The administration’s revisions to the federally subsidized insurance program, which include a proposed cap on underwriting gains to insurers, would total $25.7 billion over 10 years, or a 31 percent reduction from CBO’s estimate of crop insurance outlays in the decade ahead.
The cuts are similar in scale to Trump’s proposals for fiscal 2018 and 2019. Congress shrugged off those proposals and may again. “This budget was concocted by a bunch of ideologues who can’t see what’s clearly going on in the farm economy,” said House Agriculture chairman Collin Peterson after listing proposals to cut crop insurance, land stewardship and rural energy programs. “The good news is this budget is going nowhere in Congress.”
“I expect the president to be fully on board,” said Texas Rep. Michael Conaway, when it comes to supporting farmers and rural America. Conaway is the senior Republican on House Agriculture.
The National Farmers Union said Trump has proposed cuts in important USDA programs for three years in a row without consideration to the sharp decline in farm income since the collapse of the commodity boom in 2014. “Major relief is needed to weather these tough times in agriculture.”

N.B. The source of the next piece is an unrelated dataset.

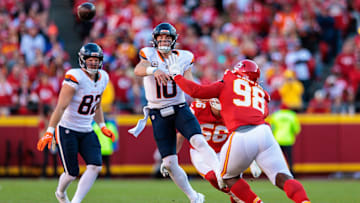 KANSAS CITY, MO - NOVEMBER 10: Denver Broncos quarterback Bo Nix (10) passes over Kansas City Chiefs defensive tackle Tershawn Wharton (98) on November 10th, 2024 at GEHA Field Arrowhead Stadium in Kansas City, Missouri.
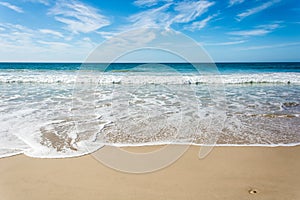 Waves breaking on beach with blue sky - Port Elizabeth, South Af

In a 150-page summary of the budget, the White House said it would optimize crop insurance and farm subsidies by “eliminating subsidies to higher-income farmers and reducing overly generous crop insurance premium subsidies to farmers and payments made to private-sector insurance companies.” Its package would reduce the average subsidy for crop insurance policies to 48 percent from the current 62 percent, “limit crop insurance eligibility to $500,000 AGI” and cap underwriting gains at 12 percent.
Also, the White House said it would “tighten commodity payment limits, including an unnecessary and separate payment limit for peanut producers, and limiting eligibility for commodity subsidies to one manager per farm.” Senate Finance chairman Charles Grassley tried, and failed, to include the “one manager” rule in the 2018 farm bill.
The White House said it would save $1.3 billion over 10 years with the $500,000 AGI limit and $1.35 billion by tightening commodity payment limits and closing loopholes.
The Conservation Reserve would be targeted to environmentally sensitive land under the White House budget, with limits on enrollment of entire fields. Peterson has said the large tracts are needed in the reserve for wildlife habitat.